Die Zahlen des Living Planet Index bilden Bestandszahlen ab, also die Anzahl der Individuen der erfassten Tierarten. Neben der Ausdünnung der Bestände verschwinden aber auch immer mehr Arten vollständig. Dass Tierarten aussterben, ist im Grunde ein normaler Vorgang: Evolution ist ein kontinuierlicher Prozess, der nicht nur neue Arten hervorbringt, sondern auch durch unterschiedlichste Faktoren und komplexe Wechselwirkungen ältere verschwinden lässt – die Dinosaurier sind nur das prominenteste Beispiel dafür. Diese „background rate“ des Artensterbens hat sich inzwischen aber um den Faktor 100 bis 1.000 beschleunigt.

Anders ausgedrückt: Durch den Einfluss des Menschen sterben Tierarten heute 100 bis 1.000 Mal schneller aus, als es in früheren Erdzeitaltern der Fall war.

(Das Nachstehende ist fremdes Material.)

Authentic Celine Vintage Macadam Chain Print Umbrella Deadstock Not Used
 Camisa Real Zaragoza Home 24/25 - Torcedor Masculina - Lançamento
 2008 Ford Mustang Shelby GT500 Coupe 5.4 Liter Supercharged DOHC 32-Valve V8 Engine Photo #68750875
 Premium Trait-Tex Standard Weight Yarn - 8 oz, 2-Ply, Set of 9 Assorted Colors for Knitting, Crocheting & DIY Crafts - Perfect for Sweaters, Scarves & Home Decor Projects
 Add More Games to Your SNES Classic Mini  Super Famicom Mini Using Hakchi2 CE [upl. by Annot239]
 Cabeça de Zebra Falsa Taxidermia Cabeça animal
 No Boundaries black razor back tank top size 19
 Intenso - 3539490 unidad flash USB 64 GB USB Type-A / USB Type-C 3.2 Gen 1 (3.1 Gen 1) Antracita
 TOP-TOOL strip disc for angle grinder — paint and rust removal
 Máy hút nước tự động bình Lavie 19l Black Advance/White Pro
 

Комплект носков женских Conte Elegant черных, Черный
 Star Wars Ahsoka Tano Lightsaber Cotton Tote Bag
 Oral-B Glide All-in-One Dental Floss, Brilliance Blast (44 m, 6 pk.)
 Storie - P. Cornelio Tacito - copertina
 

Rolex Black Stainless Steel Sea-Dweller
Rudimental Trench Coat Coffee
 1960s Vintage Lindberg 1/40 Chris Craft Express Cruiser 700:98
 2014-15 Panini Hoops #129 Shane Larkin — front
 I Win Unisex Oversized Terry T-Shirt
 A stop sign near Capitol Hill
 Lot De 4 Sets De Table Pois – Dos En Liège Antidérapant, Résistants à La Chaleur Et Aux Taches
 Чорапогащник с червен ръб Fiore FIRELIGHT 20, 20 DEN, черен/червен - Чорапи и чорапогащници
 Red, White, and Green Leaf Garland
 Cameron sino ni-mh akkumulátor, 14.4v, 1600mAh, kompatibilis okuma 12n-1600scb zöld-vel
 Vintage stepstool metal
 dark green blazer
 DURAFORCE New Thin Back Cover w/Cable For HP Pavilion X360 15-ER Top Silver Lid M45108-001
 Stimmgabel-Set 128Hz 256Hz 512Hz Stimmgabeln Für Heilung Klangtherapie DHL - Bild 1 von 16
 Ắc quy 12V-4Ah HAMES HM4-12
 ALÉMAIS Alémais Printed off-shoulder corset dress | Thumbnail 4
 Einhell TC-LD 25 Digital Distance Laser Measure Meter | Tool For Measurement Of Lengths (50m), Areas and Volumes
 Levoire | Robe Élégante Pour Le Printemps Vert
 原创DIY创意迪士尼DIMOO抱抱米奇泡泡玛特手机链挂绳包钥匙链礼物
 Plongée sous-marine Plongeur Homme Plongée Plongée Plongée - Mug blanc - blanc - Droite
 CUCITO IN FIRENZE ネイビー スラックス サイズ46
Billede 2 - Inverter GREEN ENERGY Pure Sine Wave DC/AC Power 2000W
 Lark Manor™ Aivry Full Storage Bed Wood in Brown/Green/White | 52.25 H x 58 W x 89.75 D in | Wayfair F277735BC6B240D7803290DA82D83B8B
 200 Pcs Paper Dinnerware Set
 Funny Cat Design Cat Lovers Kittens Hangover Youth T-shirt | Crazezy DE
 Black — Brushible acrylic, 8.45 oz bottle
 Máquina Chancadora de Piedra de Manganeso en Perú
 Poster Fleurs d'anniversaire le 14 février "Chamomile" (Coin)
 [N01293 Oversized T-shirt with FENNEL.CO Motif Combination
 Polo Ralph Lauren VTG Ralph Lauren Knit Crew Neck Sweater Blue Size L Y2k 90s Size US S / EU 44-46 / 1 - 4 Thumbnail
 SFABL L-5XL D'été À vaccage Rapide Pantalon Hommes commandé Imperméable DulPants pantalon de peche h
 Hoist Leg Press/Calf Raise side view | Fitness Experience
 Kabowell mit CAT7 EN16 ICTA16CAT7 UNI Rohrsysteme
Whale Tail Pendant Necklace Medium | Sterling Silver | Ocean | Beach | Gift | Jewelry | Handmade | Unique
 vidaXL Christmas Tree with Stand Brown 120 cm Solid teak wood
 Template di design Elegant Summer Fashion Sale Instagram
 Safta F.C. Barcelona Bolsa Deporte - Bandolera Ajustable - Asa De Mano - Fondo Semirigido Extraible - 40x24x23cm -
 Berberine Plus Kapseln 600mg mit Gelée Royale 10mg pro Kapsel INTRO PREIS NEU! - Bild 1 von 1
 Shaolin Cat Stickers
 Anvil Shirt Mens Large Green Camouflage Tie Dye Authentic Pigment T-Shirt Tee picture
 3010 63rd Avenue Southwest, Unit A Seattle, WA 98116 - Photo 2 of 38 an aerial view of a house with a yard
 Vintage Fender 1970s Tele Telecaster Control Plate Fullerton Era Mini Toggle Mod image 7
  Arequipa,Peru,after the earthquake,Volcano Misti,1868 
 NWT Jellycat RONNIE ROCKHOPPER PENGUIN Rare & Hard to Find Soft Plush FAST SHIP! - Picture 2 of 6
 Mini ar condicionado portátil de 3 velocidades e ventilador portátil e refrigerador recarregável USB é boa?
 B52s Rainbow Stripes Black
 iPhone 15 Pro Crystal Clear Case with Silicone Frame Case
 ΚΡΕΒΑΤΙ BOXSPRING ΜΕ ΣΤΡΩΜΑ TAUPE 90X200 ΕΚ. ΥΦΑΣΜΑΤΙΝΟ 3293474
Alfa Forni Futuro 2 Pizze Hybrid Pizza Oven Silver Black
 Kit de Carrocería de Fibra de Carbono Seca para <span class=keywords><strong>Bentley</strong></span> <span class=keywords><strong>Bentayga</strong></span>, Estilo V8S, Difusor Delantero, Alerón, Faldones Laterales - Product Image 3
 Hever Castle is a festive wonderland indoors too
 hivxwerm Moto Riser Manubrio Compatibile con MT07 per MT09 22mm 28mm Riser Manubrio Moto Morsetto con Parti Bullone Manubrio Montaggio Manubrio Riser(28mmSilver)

Mit der Biodiversität, also der natürlichen Vielfalt, schwindet aber die Lebenskraft unseres Planeten, und auch unsere eigene Lebensgrundlage wird immer dünner. Denn: „Alle wirtschaftliche Aktivität hängt letztendlich von Dingen ab, die die Natur uns zur Verfügung stellt„, wie es in der Einleitung des Living Planet Reports heißt. Und weiter:

Je besser wir unsere Abhängigkeit von natürlichen Systemen verstehen, umso mehr wird klar, dass Natur nicht nur ein ’nice to have‘ ist.

Das Bild von der „Mutter Erde„, die uns alle ernährt, ist also keine romantische Überhöhung, sondern hat eine ganz reale Grundlage.

Keine Frage: Das Umweltbewusstsein ist in den letzten Jahrzehnten enorm gestiegen. Umwelt- und Naturschutz, vor nicht allzu langer Zeit noch Nischenthemen belächelter „Ökofreaks“, haben es ins Bewusstsein der Massen geschafft, und es hat zweifelsohne auch viele Verbesserungen gegeben. Umso trauriger ist es, dass alle bisherigen Maßnahmen nicht ausreichen, um den Verlust an natürlichen Ressourcen zu stoppen, weil sie von den negativ wirkenden Faktoren bei Weitem überlagert werden.